Crawled caption data
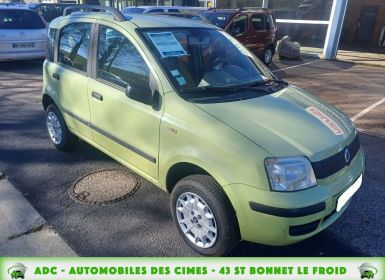 Achat Fiat Panda II 4X4 1.3 16V JTD 70cv 5P BVM Occasion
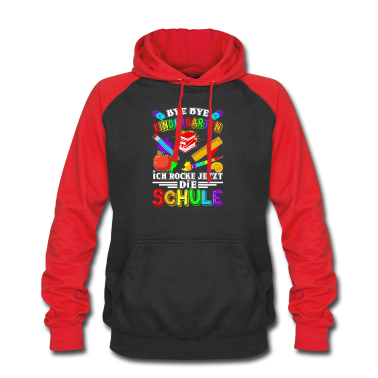 Einschulung Hoodie - Schulkind Kindergarten Einschulung Schulanfang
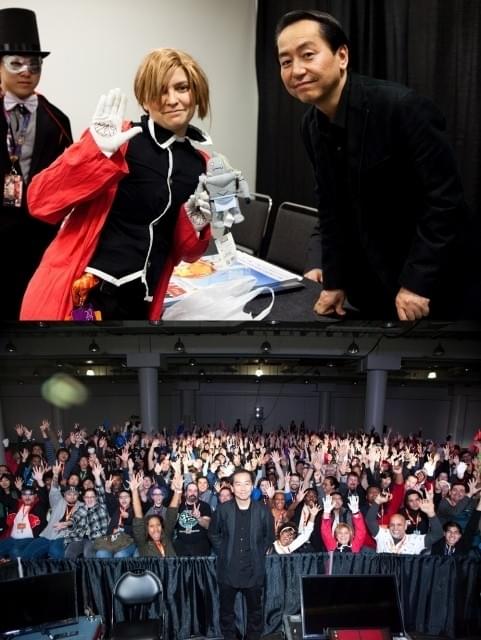 「鋼の錬金術師」USプレミアが開催！現地のファンの反応は？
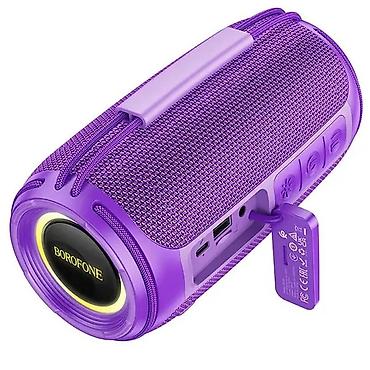 r38: Портативная беспроводная колонка Borofone R38 с функцией TWS (True — 8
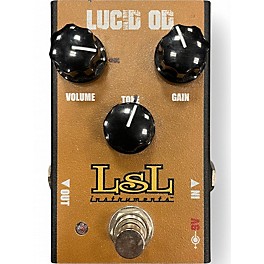 Used LsL Instruments LUCID OD Effect Pedal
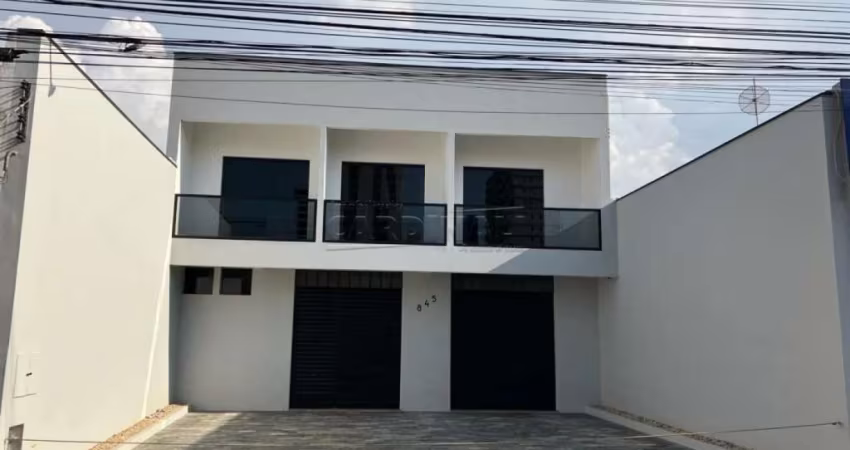 Comercial Salão em Araraquara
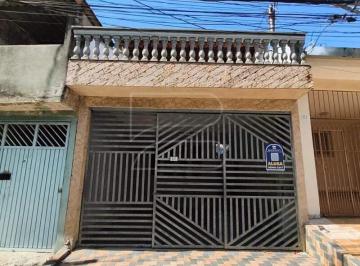 Casa · 1 Quarto · 1 Vaga · Casa para aluguel, 1 quarto, 1 vaga, Jardim Silvia Maria - Mauá/SP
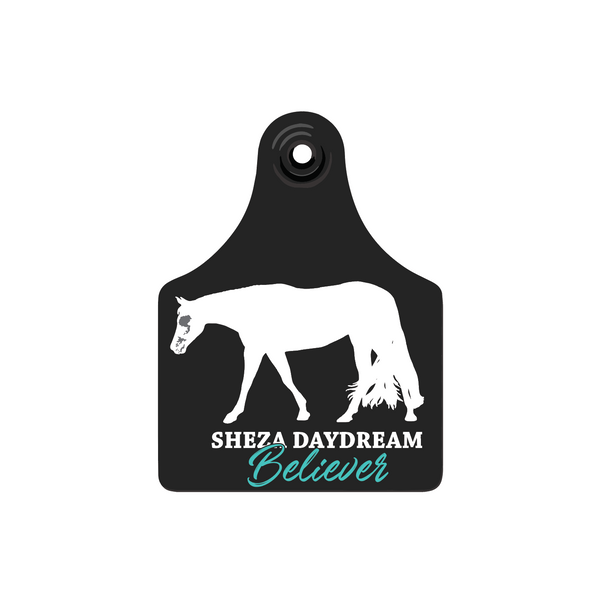 Custom Horse Tag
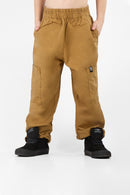 Pantalon Ocn Kids Oslo Camel Oscuro 6A700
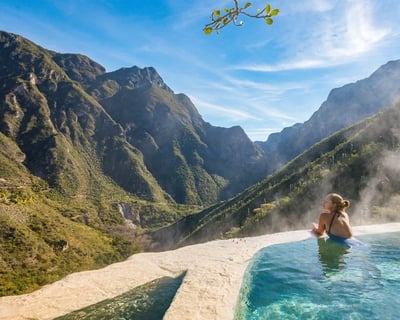 Tolantongo Hot Springs Day Tour From Mexico City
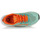Cipők Női Rövid szárú edzőcipők Fluchos AT114-CIAN Kék / Narancssárga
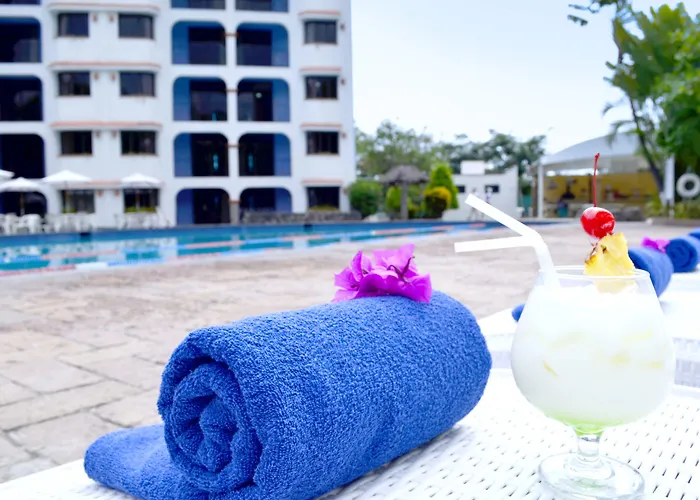 Hotel Coral Cuernavaca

* Your assignment
From the line that holds "Casa · 1 Quarto" to the last line of the records, please copy each line exactly and nothing else. Pictures stay out.

* Answer for the task
 Casa · 1 Quarto · 1 Vaga · Casa para aluguel, 1 quarto, 1 vaga, Jardim Silvia Maria - Mauá/SP
 Custom Horse Tag
 Pantalon Ocn Kids Oslo Camel Oscuro 6A700
 Tolantongo Hot Springs Day Tour From Mexico City
Cipők Női Rövid szárú edzőcipők Fluchos AT114-CIAN Kék / Narancssárga
 Hotel Coral Cuernavaca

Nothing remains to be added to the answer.